**The problem**
The data should be duplicated exactly, with every word kept as it is.

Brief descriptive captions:
=== Begin Enclosure ===
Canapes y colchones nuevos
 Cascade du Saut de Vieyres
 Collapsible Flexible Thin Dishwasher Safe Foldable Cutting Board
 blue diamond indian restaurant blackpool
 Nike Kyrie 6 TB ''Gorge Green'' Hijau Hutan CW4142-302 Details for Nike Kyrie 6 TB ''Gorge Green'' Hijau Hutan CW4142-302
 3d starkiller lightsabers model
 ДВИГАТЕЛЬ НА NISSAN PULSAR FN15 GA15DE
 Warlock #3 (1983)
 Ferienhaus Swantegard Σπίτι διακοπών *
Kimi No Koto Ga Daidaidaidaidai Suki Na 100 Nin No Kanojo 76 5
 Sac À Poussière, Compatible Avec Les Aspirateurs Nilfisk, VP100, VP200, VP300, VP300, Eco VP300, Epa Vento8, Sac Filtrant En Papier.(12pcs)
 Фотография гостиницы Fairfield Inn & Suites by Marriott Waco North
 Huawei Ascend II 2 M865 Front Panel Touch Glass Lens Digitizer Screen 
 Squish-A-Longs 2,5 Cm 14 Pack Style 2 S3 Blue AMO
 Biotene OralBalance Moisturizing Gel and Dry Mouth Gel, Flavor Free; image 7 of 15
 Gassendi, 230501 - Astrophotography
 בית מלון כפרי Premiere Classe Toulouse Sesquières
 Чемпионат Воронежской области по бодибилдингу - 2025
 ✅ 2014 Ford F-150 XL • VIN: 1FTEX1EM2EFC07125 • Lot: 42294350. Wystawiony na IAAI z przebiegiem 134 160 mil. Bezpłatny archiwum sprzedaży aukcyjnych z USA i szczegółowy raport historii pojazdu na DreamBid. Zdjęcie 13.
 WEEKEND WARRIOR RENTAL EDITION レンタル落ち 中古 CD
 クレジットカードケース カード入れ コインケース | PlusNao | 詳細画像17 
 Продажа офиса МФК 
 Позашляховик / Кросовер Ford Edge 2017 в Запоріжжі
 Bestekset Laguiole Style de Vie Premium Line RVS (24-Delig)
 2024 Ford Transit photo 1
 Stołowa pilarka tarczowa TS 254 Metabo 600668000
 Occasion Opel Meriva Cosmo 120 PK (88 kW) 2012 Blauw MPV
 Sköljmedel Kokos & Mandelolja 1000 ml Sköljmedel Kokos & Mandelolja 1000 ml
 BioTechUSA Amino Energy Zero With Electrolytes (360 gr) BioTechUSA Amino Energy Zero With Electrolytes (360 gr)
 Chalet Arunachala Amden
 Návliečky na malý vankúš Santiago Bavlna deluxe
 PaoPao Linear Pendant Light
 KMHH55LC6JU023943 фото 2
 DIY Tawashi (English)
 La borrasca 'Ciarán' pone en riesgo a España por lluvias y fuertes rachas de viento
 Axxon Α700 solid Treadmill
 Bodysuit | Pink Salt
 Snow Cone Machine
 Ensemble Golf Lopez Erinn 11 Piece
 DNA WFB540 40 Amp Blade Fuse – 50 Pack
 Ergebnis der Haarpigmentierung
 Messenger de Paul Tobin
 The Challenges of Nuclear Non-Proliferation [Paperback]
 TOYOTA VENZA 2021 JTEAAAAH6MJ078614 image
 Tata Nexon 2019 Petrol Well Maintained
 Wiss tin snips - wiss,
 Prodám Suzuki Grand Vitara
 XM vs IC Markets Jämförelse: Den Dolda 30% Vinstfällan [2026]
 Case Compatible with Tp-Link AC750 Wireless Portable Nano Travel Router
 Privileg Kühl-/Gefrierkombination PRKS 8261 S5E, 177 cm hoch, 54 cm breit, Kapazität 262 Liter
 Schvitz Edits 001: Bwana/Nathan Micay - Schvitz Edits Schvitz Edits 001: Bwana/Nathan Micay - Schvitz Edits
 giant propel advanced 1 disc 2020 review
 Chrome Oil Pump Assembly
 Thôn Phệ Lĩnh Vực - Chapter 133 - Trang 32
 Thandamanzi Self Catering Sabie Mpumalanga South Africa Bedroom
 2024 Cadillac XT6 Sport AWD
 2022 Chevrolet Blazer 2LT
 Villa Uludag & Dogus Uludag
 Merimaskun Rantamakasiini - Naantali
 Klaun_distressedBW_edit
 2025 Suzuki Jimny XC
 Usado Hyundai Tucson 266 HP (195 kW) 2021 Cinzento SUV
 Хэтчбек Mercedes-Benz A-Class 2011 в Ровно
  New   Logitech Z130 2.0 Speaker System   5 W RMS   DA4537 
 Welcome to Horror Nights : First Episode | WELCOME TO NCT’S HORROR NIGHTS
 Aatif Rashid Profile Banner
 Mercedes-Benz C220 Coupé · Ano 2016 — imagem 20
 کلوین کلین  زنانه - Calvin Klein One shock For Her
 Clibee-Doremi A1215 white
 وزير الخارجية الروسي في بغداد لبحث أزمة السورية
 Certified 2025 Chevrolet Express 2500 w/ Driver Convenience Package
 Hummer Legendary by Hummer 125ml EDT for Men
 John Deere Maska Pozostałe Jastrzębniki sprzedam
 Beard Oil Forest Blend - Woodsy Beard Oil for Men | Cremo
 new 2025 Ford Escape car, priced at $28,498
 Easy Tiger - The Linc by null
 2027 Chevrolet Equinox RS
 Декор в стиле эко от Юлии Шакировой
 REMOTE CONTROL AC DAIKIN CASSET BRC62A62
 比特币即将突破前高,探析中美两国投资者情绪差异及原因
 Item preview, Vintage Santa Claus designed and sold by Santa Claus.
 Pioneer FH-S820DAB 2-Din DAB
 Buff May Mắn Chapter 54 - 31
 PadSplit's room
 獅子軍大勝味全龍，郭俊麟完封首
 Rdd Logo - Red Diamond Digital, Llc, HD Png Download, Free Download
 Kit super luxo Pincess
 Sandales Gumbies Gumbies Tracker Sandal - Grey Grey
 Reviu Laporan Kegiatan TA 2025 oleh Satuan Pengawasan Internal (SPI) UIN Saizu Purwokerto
=== End Enclosure ===
**Task output**
Canapes y colchones nuevos
 Cascade du Saut de Vieyres
 Collapsible Flexible Thin Dishwasher Safe Foldable Cutting Board
 blue diamond indian restaurant blackpool
 Nike Kyrie 6 TB ''Gorge Green'' Hijau Hutan CW4142-302 Details for Nike Kyrie 6 TB ''Gorge Green'' Hijau Hutan CW4142-302
 3d starkiller lightsabers model
 ДВИГАТЕЛЬ НА NISSAN PULSAR FN15 GA15DE
 Warlock #3 (1983)
 Ferienhaus Swantegard Σπίτι διακοπών *
Kimi No Koto Ga Daidaidaidaidai Suki Na 100 Nin No Kanojo 76 5
 Sac À Poussière, Compatible Avec Les Aspirateurs Nilfisk, VP100, VP200, VP300, VP300, Eco VP300, Epa Vento8, Sac Filtrant En Papier.(12pcs)
 Фотография гостиницы Fairfield Inn & Suites by Marriott Waco North
 Huawei Ascend II 2 M865 Front Panel Touch Glass Lens Digitizer Screen 
 Squish-A-Longs 2,5 Cm 14 Pack Style 2 S3 Blue AMO
 Biotene OralBalance Moisturizing Gel and Dry Mouth Gel, Flavor Free; image 7 of 15
 Gassendi, 230501 - Astrophotography
 בית מלון כפרי Premiere Classe Toulouse Sesquières
 Чемпионат Воронежской области по бодибилдингу - 2025
 ✅ 2014 Ford F-150 XL • VIN: 1FTEX1EM2EFC07125 • Lot: 42294350. Wystawiony na IAAI z przebiegiem 134 160 mil. Bezpłatny archiwum sprzedaży aukcyjnych z USA i szczegółowy raport historii pojazdu na DreamBid. Zdjęcie 13.
 WEEKEND WARRIOR RENTAL EDITION レンタル落ち 中古 CD
 クレジットカードケース カード入れ コインケース | PlusNao | 詳細画像17 
 Продажа офиса МФК 
 Позашляховик / Кросовер Ford Edge 2017 в Запоріжжі
 Bestekset Laguiole Style de Vie Premium Line RVS (24-Delig)
 2024 Ford Transit photo 1
 Stołowa pilarka tarczowa TS 254 Metabo 600668000
 Occasion Opel Meriva Cosmo 120 PK (88 kW) 2012 Blauw MPV
 Sköljmedel Kokos & Mandelolja 1000 ml Sköljmedel Kokos & Mandelolja 1000 ml
 BioTechUSA Amino Energy Zero With Electrolytes (360 gr) BioTechUSA Amino Energy Zero With Electrolytes (360 gr)
 Chalet Arunachala Amden
 Návliečky na malý vankúš Santiago Bavlna deluxe
 PaoPao Linear Pendant Light
 KMHH55LC6JU023943 фото 2
 DIY Tawashi (English)
 La borrasca 'Ciarán' pone en riesgo a España por lluvias y fuertes rachas de viento
 Axxon Α700 solid Treadmill
 Bodysuit | Pink Salt
 Snow Cone Machine
 Ensemble Golf Lopez Erinn 11 Piece
 DNA WFB540 40 Amp Blade Fuse – 50 Pack
 Ergebnis der Haarpigmentierung
 Messenger de Paul Tobin
 The Challenges of Nuclear Non-Proliferation [Paperback]
 TOYOTA VENZA 2021 JTEAAAAH6MJ078614 image
 Tata Nexon 2019 Petrol Well Maintained
 Wiss tin snips - wiss,
 Prodám Suzuki Grand Vitara
 XM vs IC Markets Jämförelse: Den Dolda 30% Vinstfällan [2026]
 Case Compatible with Tp-Link AC750 Wireless Portable Nano Travel Router
 Privileg Kühl-/Gefrierkombination PRKS 8261 S5E, 177 cm hoch, 54 cm breit, Kapazität 262 Liter
 Schvitz Edits 001: Bwana/Nathan Micay - Schvitz Edits Schvitz Edits 001: Bwana/Nathan Micay - Schvitz Edits
 giant propel advanced 1 disc 2020 review
 Chrome Oil Pump Assembly
 Thôn Phệ Lĩnh Vực - Chapter 133 - Trang 32
 Thandamanzi Self Catering Sabie Mpumalanga South Africa Bedroom
 2024 Cadillac XT6 Sport AWD
 2022 Chevrolet Blazer 2LT
 Villa Uludag & Dogus Uludag
 Merimaskun Rantamakasiini - Naantali
 Klaun_distressedBW_edit
 2025 Suzuki Jimny XC
 Usado Hyundai Tucson 266 HP (195 kW) 2021 Cinzento SUV
 Хэтчбек Mercedes-Benz A-Class 2011 в Ровно
  New   Logitech Z130 2.0 Speaker System   5 W RMS   DA4537 
 Welcome to Horror Nights : First Episode | WELCOME TO NCT’S HORROR NIGHTS
 Aatif Rashid Profile Banner
 Mercedes-Benz C220 Coupé · Ano 2016 — imagem 20
 کلوین کلین  زنانه - Calvin Klein One shock For Her
 Clibee-Doremi A1215 white
 وزير الخارجية الروسي في بغداد لبحث أزمة السورية
 Certified 2025 Chevrolet Express 2500 w/ Driver Convenience Package
 Hummer Legendary by Hummer 125ml EDT for Men
 John Deere Maska Pozostałe Jastrzębniki sprzedam
 Beard Oil Forest Blend - Woodsy Beard Oil for Men | Cremo
 new 2025 Ford Escape car, priced at $28,498
 Easy Tiger - The Linc by null
 2027 Chevrolet Equinox RS
 Декор в стиле эко от Юлии Шакировой
 REMOTE CONTROL AC DAIKIN CASSET BRC62A62
 比特币即将突破前高,探析中美两国投资者情绪差异及原因
 Item preview, Vintage Santa Claus designed and sold by Santa Claus.
 Pioneer FH-S820DAB 2-Din DAB
 Buff May Mắn Chapter 54 - 31
 PadSplit's room
 獅子軍大勝味全龍，郭俊麟完封首
 Rdd Logo - Red Diamond Digital, Llc, HD Png Download, Free Download
 Kit super luxo Pincess
 Sandales Gumbies Gumbies Tracker Sandal - Grey Grey
 Reviu Laporan Kegiatan TA 2025 oleh Satuan Pengawasan Internal (SPI) UIN Saizu Purwokerto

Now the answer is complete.